» **Listed entries**

^^^^

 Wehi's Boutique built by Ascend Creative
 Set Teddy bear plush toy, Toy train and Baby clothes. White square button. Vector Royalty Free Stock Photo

^^^^

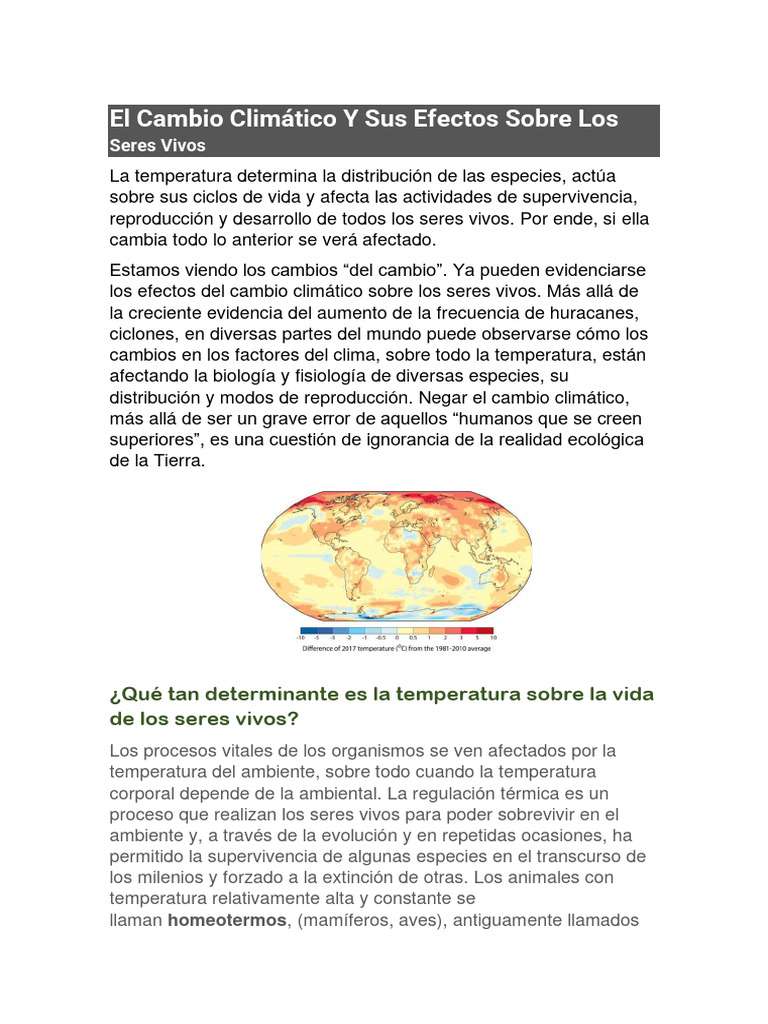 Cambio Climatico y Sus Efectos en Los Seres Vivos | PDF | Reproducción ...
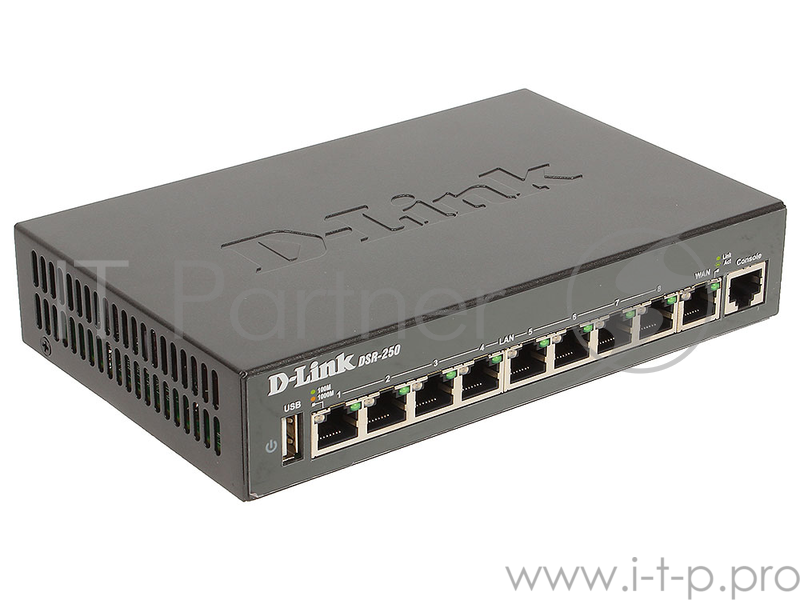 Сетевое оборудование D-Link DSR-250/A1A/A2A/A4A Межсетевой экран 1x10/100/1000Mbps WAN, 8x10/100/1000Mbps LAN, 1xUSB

^^^^

» **Exercise objective**
Search the listing above for the lines with "Wehi's Boutique built by Ascend Creative" and "Set Teddy bear", then output those lines and all lines between them exactly.

» **Written response**
 Wehi's Boutique built by Ascend Creative
 Set Teddy bear plush toy, Toy train and Baby clothes. White square button. Vector Royalty Free Stock Photo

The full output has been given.